### EXERCISE DATA:
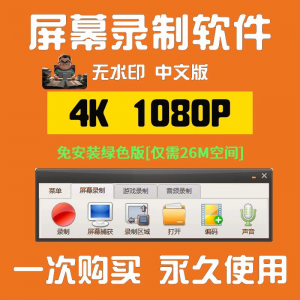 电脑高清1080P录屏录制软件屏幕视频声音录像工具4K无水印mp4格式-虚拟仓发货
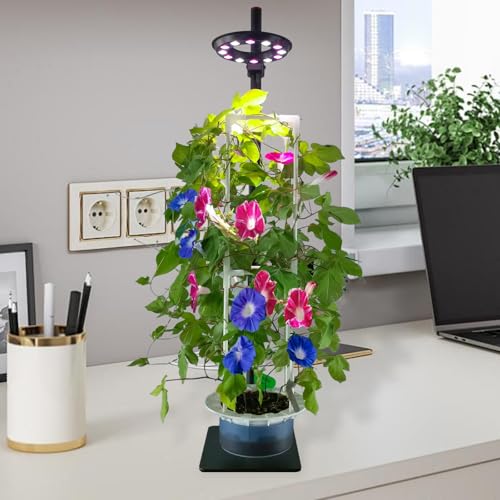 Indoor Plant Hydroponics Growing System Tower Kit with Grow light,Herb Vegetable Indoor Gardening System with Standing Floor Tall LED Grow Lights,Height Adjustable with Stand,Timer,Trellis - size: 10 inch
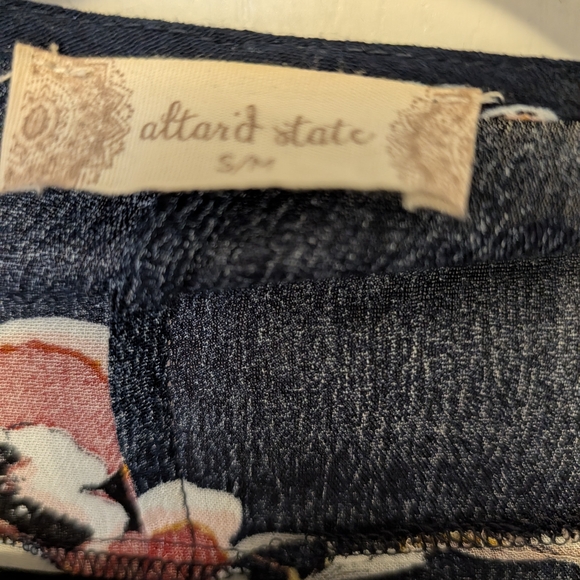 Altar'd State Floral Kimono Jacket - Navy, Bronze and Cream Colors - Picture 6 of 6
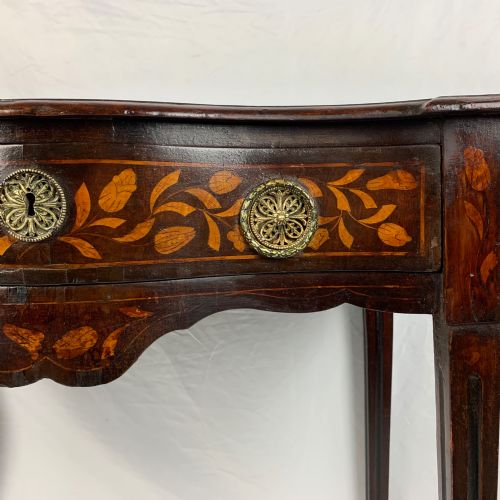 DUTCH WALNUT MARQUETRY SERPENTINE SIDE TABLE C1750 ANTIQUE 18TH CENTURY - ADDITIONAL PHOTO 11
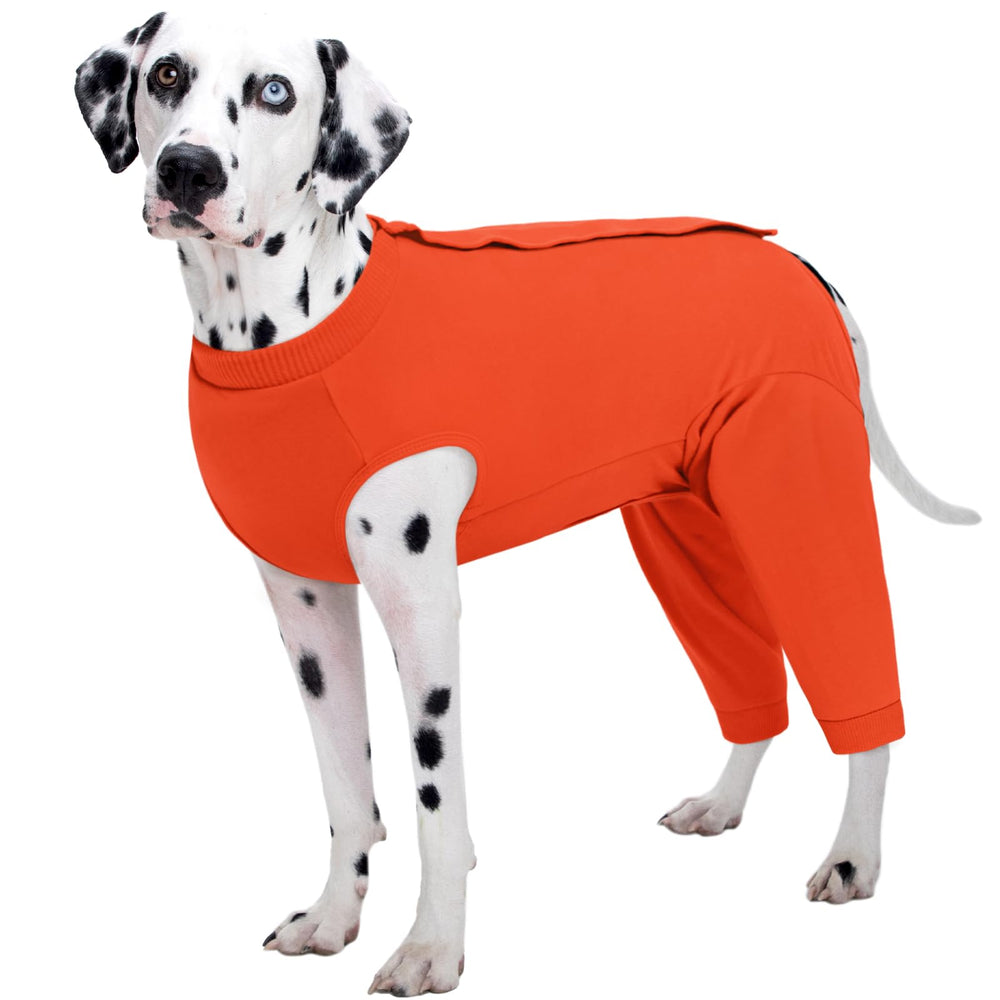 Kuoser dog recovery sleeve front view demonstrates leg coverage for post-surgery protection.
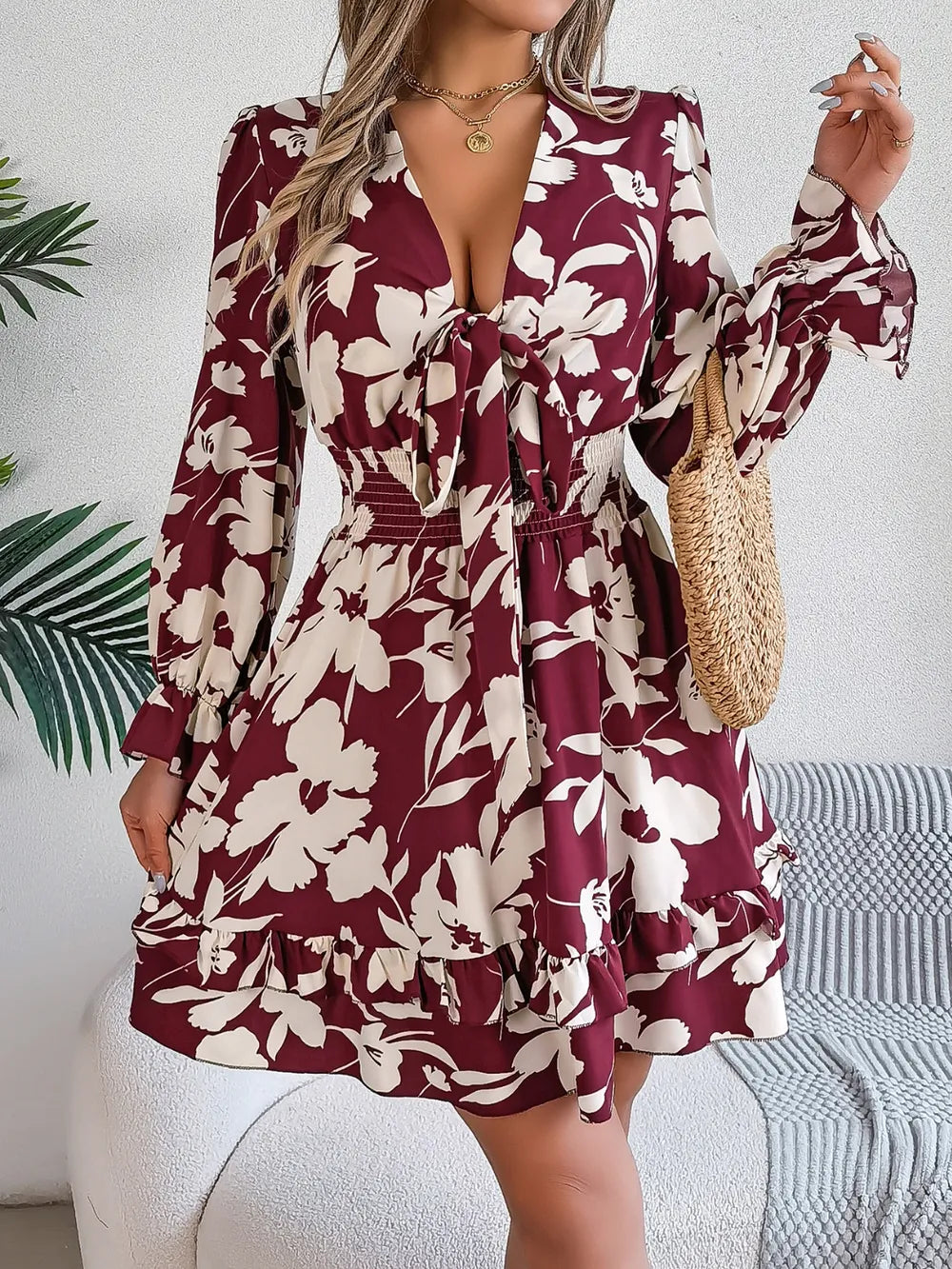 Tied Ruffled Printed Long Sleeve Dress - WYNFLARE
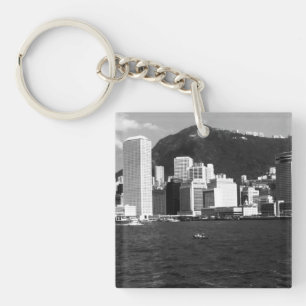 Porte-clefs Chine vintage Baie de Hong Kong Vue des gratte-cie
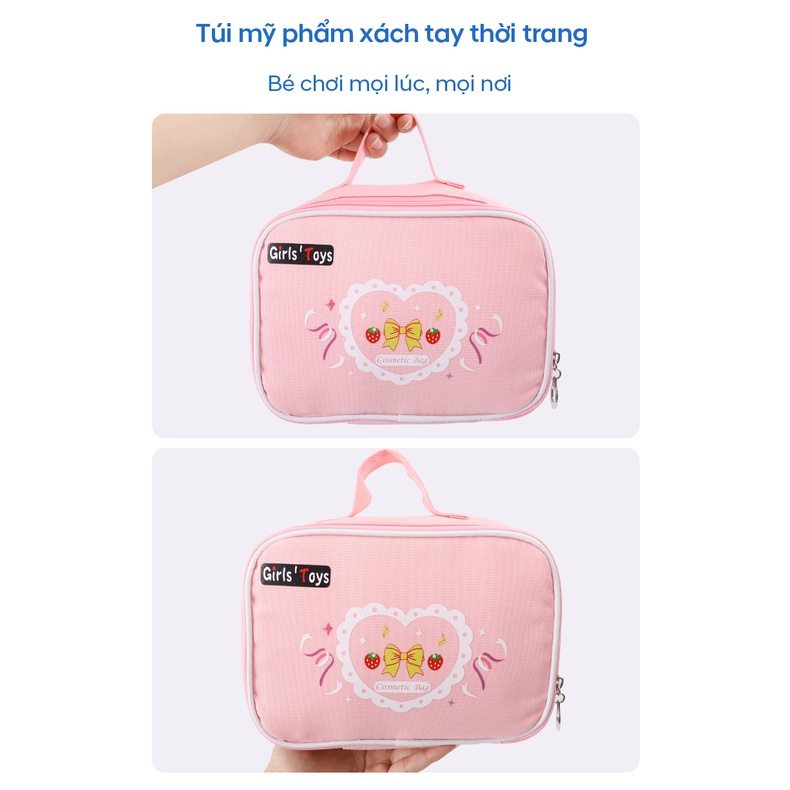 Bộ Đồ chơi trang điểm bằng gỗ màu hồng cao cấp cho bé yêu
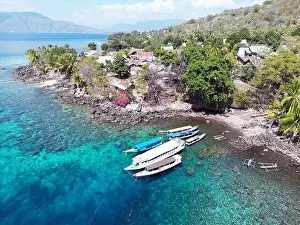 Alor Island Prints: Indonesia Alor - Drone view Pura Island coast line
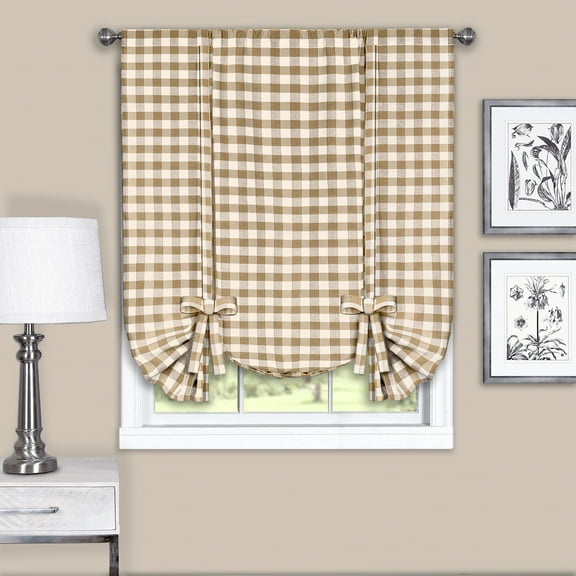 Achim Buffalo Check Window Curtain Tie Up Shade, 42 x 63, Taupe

### TASK PROMPT:
The material above must be reproduced line for line, with the images omitted.

### OUTPUT FOR THIS EXERCISE:
 电脑高清1080P录屏录制软件屏幕视频声音录像工具4K无水印mp4格式-虚拟仓发货
 Indoor Plant Hydroponics Growing System Tower Kit with Grow light,Herb Vegetable Indoor Gardening System with Standing Floor Tall LED Grow Lights,Height Adjustable with Stand,Timer,Trellis - size: 10 inch
 Altar'd State Floral Kimono Jacket - Navy, Bronze and Cream Colors - Picture 6 of 6
 DUTCH WALNUT MARQUETRY SERPENTINE SIDE TABLE C1750 ANTIQUE 18TH CENTURY - ADDITIONAL PHOTO 11
 Kuoser dog recovery sleeve front view demonstrates leg coverage for post-surgery protection.
 Tied Ruffled Printed Long Sleeve Dress - WYNFLARE
 Porte-clefs Chine vintage Baie de Hong Kong Vue des gratte-cie
 Bộ Đồ chơi trang điểm bằng gỗ màu hồng cao cấp cho bé yêu
 Alor Island Prints: Indonesia Alor - Drone view Pura Island coast line
 Achim Buffalo Check Window Curtain Tie Up Shade, 42 x 63, Taupe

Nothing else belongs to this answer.